Crawfurd (1877 –1954) was a prominent Scottish suffragette, Rent Strike organiser, and Communist activist and the exhibition takes place in Glasgow Women’s Library less than a mile away from where Crawfurd campaigned on Glasgow Green in the early 1900s.
Over the past year, Jack has studied Helen Crawfurd’s unrelenting crusade against injustice and, with friends and collaborators, has made a series of books, banners, sculptures and ceramics that respond to Crawfurd’s legacy and the relevance of her critical perspectives today.
Jack’s works for the exhibition will also include a powerful piece created from a tonne of etched stones emblazoned with the statement “in the hands of the proletariat”. These stones will be taken away by visitors to the exhibition until none remain.
This work evokes an episode described in Crawfurd’s autobiography where she talks about her move towards militancy as a suffragette and describes an incident in 1912 when she broke the windows of Jack Pease, Minister for Education (and was jailed for nine months).
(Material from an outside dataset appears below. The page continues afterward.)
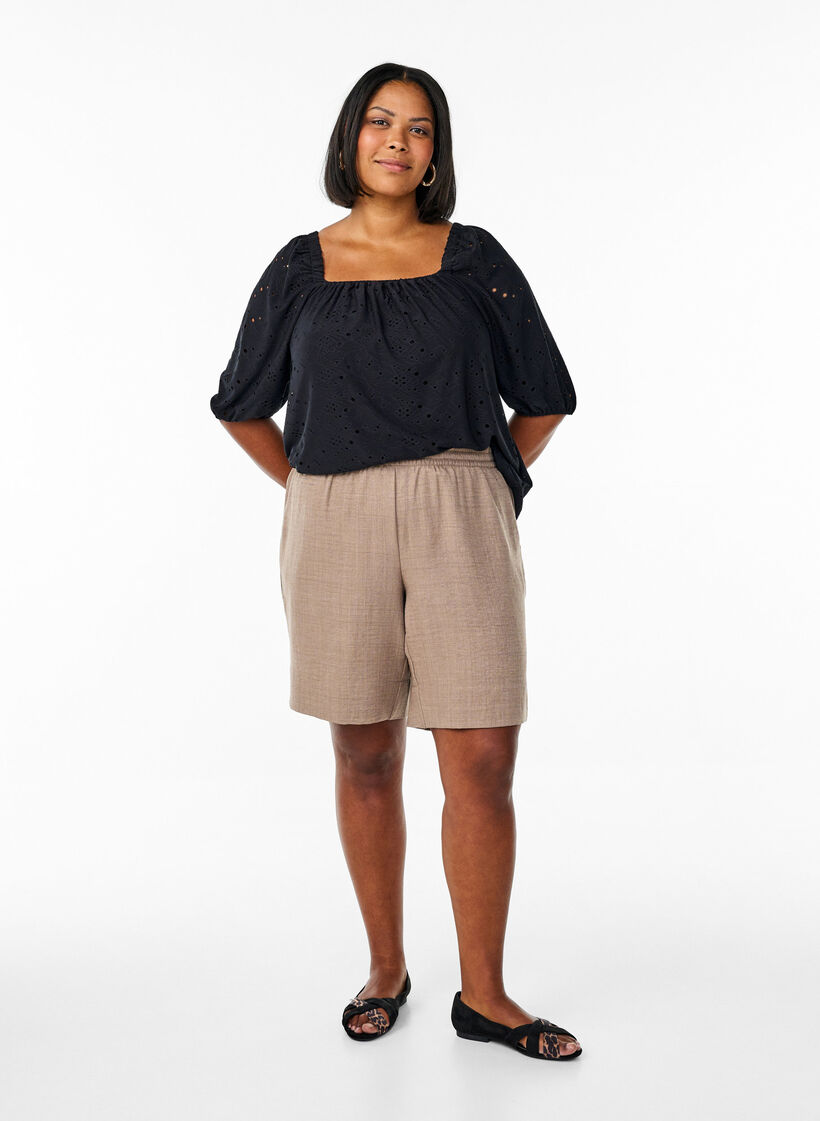 Korte broek met zakken en hoge taille, Bruin, Model image number 1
Helen Crawfurd, relays how she smashed the windows of the Minister of Education in her autobiographyI took the two stones given me, got a taxi early in the morning to Piccadilly and quietly made my way to Harvard Street. The two stones had messages attached, with a demand for the enfranchisement of women, etc. I felt rather proud of the fact that I broke both windows and that my aim was good.
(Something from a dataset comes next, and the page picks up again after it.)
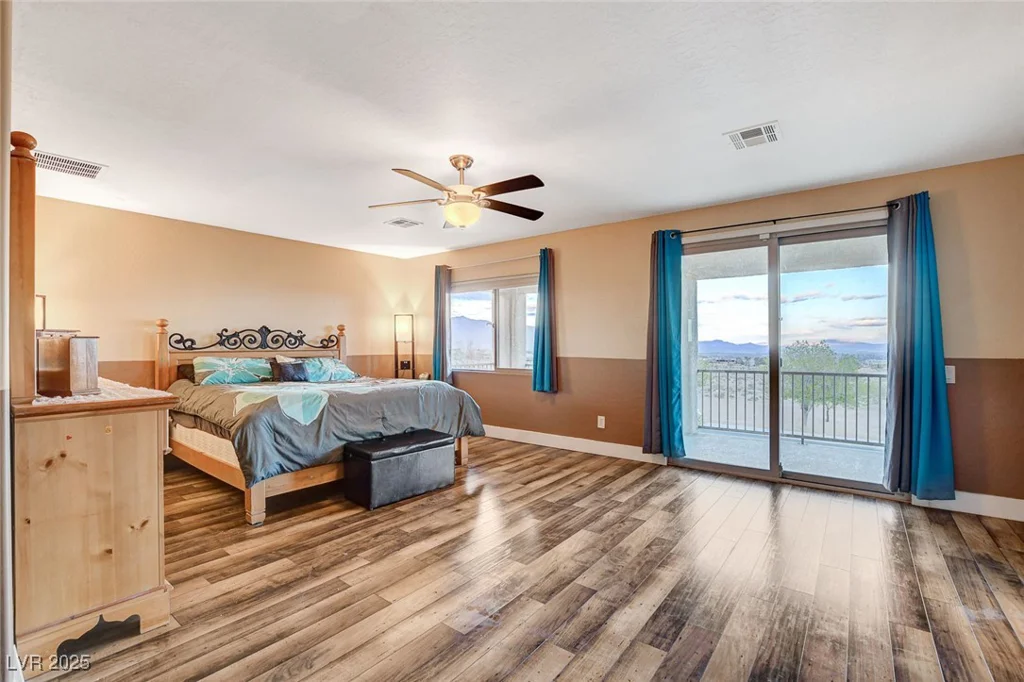 6828 Sumatra, Las Vegas, NV 89166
Jack’s work is being shown in the specific context of the former Gentleman’s Reading Room of the former local lending library for the Bridgeton area, and as such evocatively marks the distance travelled in women’s campaigns for equality with men. “As impressed as I was at reading this passage I wasn’t seeking to re-enact this moment, or to find out what was written on the notes attached to her stones specifically, but rather I wanted to make a connection between the bold actions of her and her suffragette comrades, her almost lifelong commitment to Marxist/communist thinking, and a contemplation of radical action today.”
The exhibition will be complemented with discussions and the ambition to see Crawfurd’s autobiography, which will be available to read in a limited edition for the exhibition, published for a wider audience.
Our Red Aunt runs until Saturday 17th March.